Published time: September 01, 2014 14:07
A still image from video taken by a U.S. Coast Guard HC-144 Ocean Sentry aircraft shows the oil tanker United Kalavyrta (also known as the United Kalavrvta), which is carrying a cargo of Kurdish crude oil, approaching Galveston, Texas July 25, 2014 (Reuters / US Coast Guard)

A still image from video taken by a U.S. Coast Guard HC-144 Ocean Sentry aircraft shows the oil tanker United Kalavyrta (also known as the United Kalavrvta), which is carrying a cargo of Kurdish crude oil, approaching Galveston, Texas July 25, 2014 (Reuters / US Coast Guard)

A “ghost ship” oil tanker carrying approximately $100 million of disputed Iraqi Kurdish crude oil has reappeared on satellite imagery near the US coast Monday, after disappearing for several days. The tanker seems not to have offloaded its oil.

According to the US Coast Guard and Reuters, the tanker, United Kalavrvta, is still 95 percent full and has not yet unloaded its cargo.
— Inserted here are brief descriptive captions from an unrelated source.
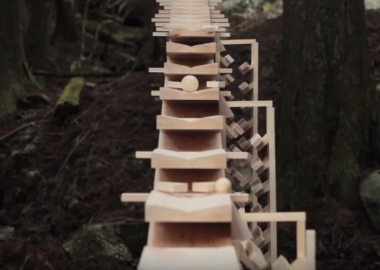 ტყეში ბახის მელოდიას გიგანტური იაპონური ქსილოფონი მოგასმენინებთ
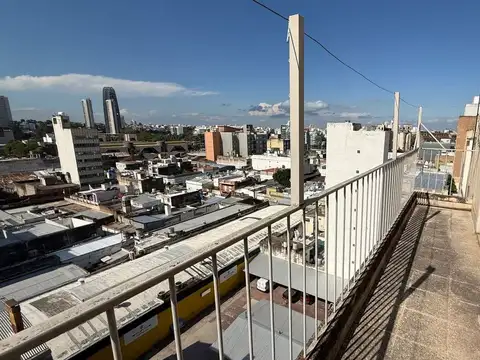 Departamento 6 ambientes con 2 baños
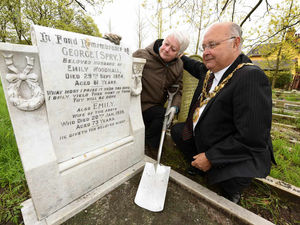 Supporting image for story: Help us to spruce up West Bromwich Albion stars' graves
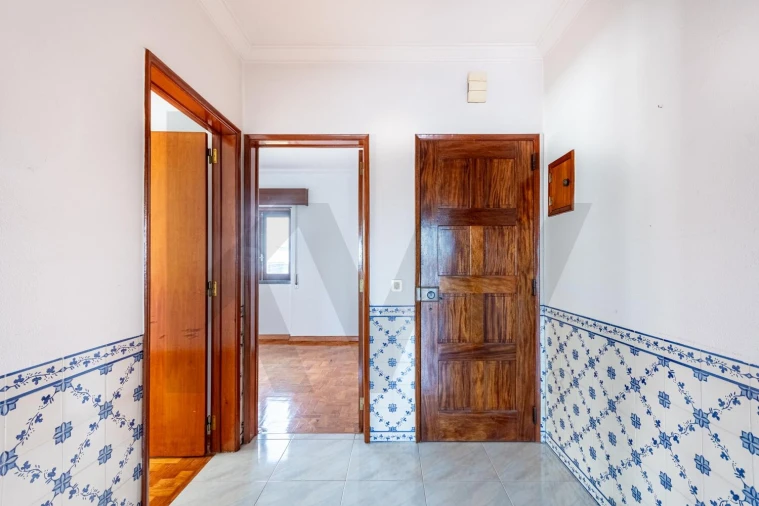 Apartamento T2 para Venda em São Domingos de Rana Foto 4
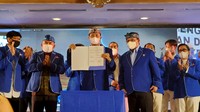 Terkait pemilu 2024, AHY kembali menegaskan komitmen untuk tolak penundaan pemilu 2024. Partai Demokrat tidak mungkin rela ada kelompok tertentu merusak demokrasi dan  menghianati demokrasi. 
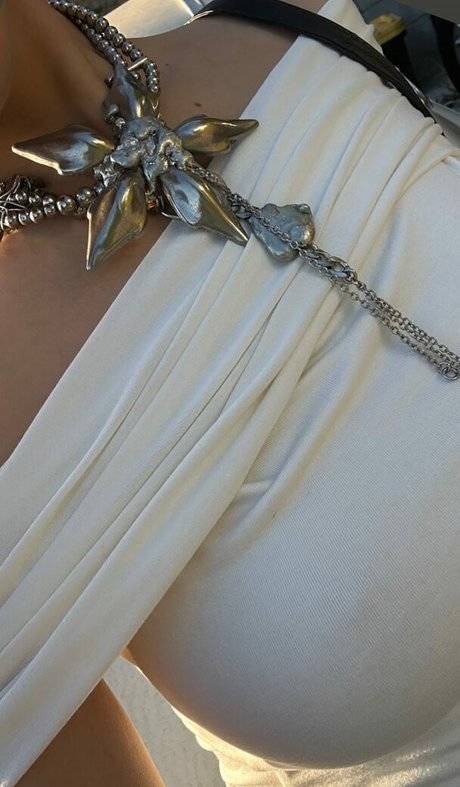 Maria Zardoya OnlyFans Bilder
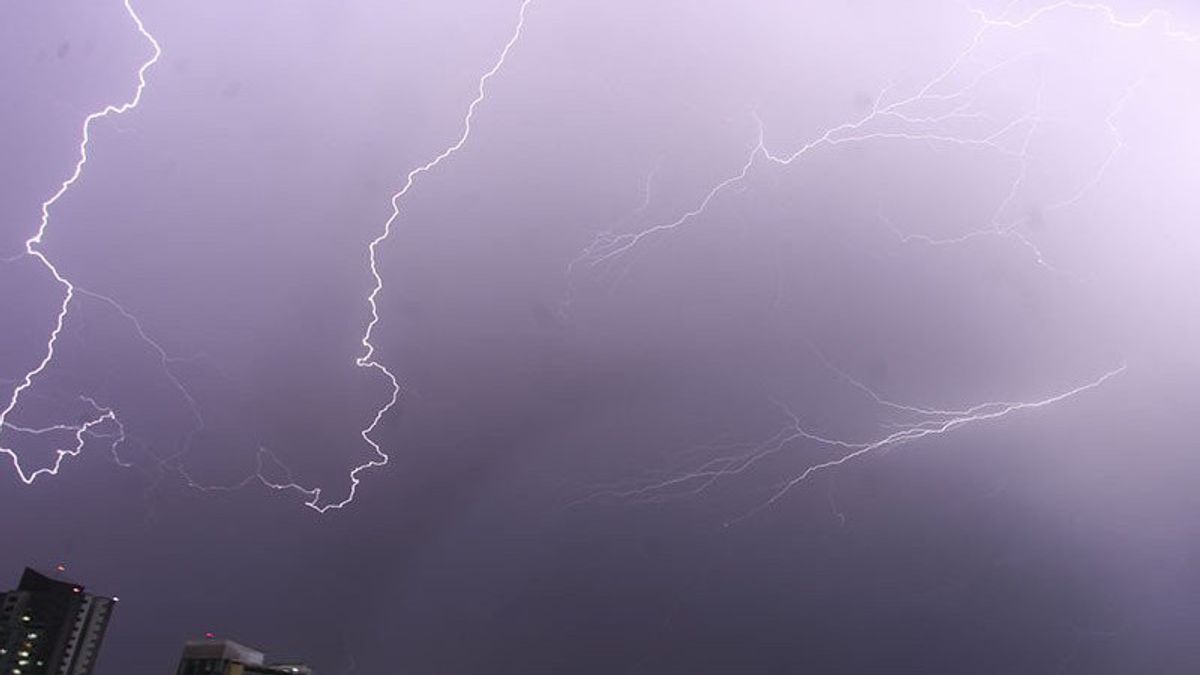 Beware Of Lightning Rain In 3 Areas Of Jakarta Today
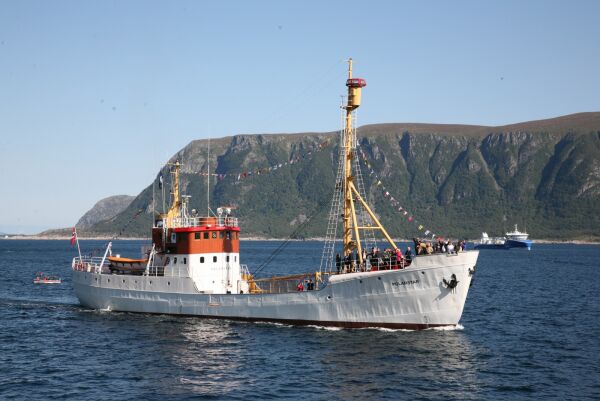 «Polarstar» til Sæbø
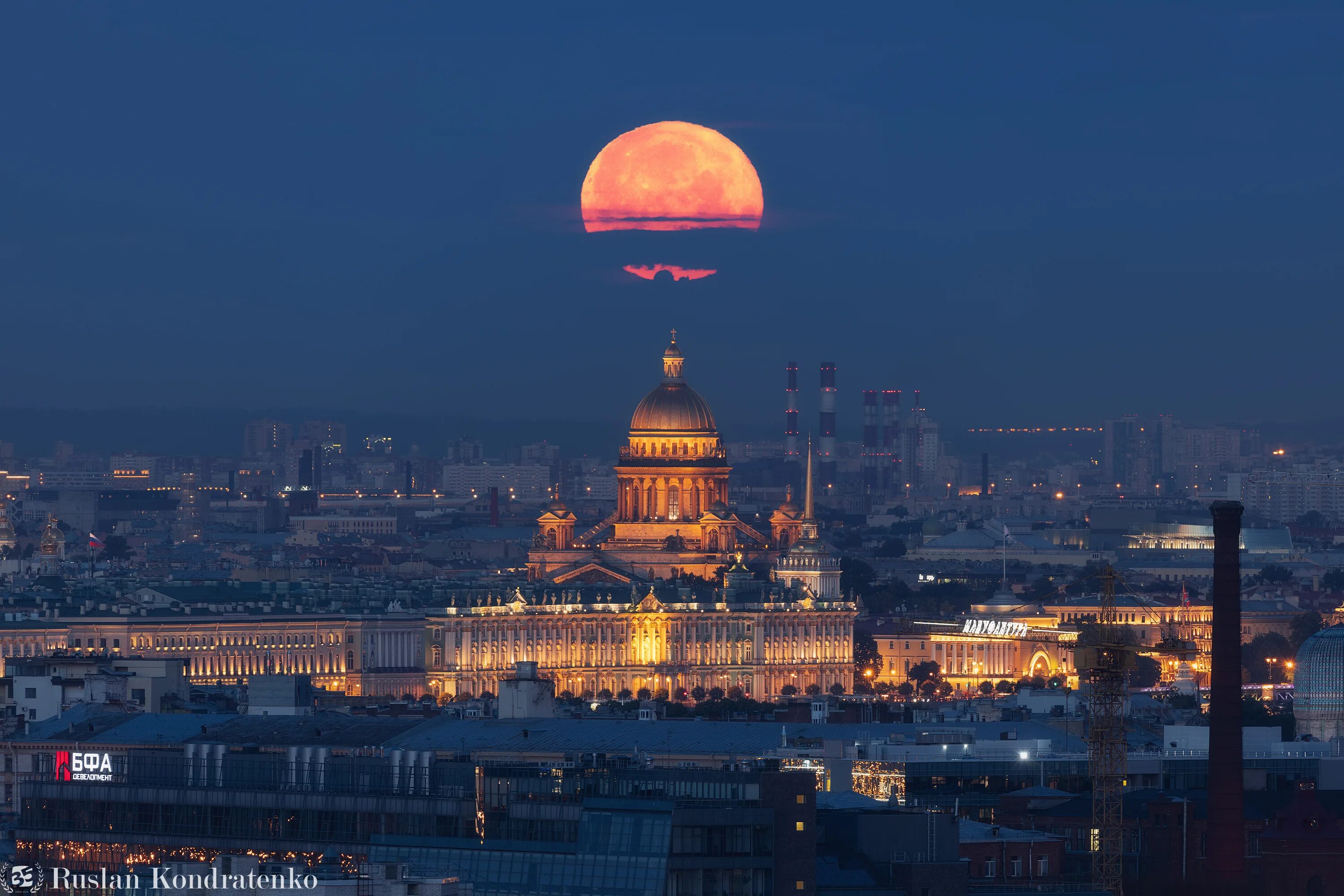 Питер луна фото Луна над Исаакиевским собором. Фотограф Кондратенко Руслан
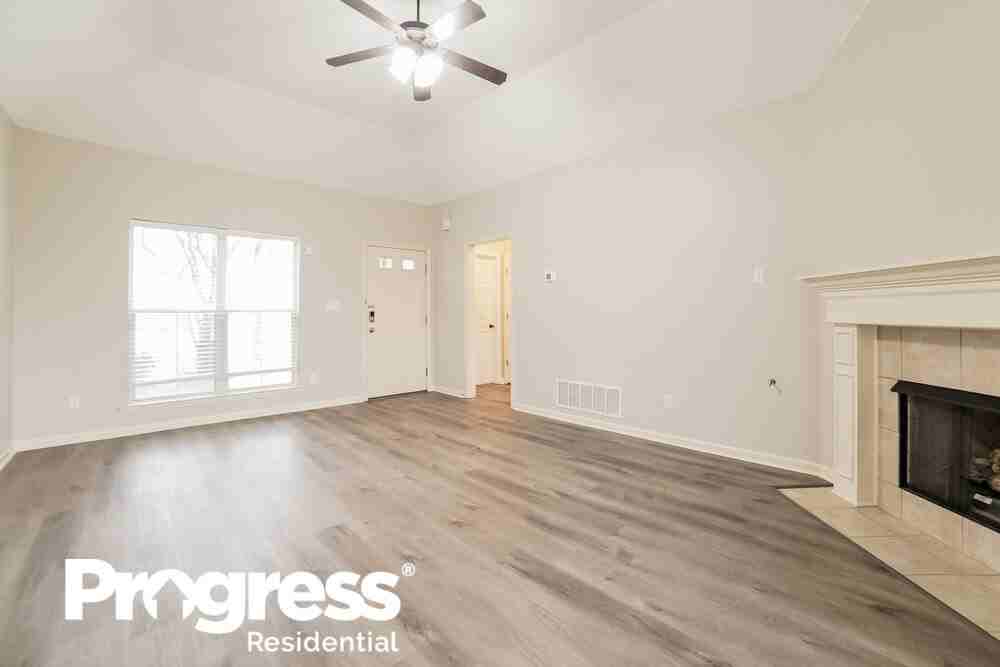 5571 Lakeside Cir W - Photo 3 of 21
The vessel was anchored Monday in the Galveston Offshore Lightering Area, close to its previously known position.

The Iraqi government has deemed this shipment of Kurdish crude oil illegal. Baghdad filed a lawsuit in the US in June, preventing any purchaser from unloading the Kurdish shipment.

When Iraq’s government initially filed the law suit, US District Judge Nancy K. Johnson ordered the seizure of the tanker’s $100 million payload, but only if the tanker entered the territorial waters of the US.

This isn’t the first time Kurdish oil tankers have switched off their electronic transponders to avoid detection – essentially making their movements impossible to track.

Approximately a week ago, a Kurdish tanker carrying crude disappeared from satellite tracking north of Egypt’s Sinai, only to reappear empty two days later near Israel.

As recently as June, Iraq’s central government made an attempt at illegalizing Kurdish oil sales but it was ultimately rejected by Iraq’s Supreme Court.

Kurds have argued that the sale of their crude is essential to their dreams of an independent Kurdistan – while the US State Department has publicly backed Baghdad’s stance.

Given the recent violence and uncertainty in Iraq, this makes for a hard decision for both the stranded tanker and its would-be US buyer.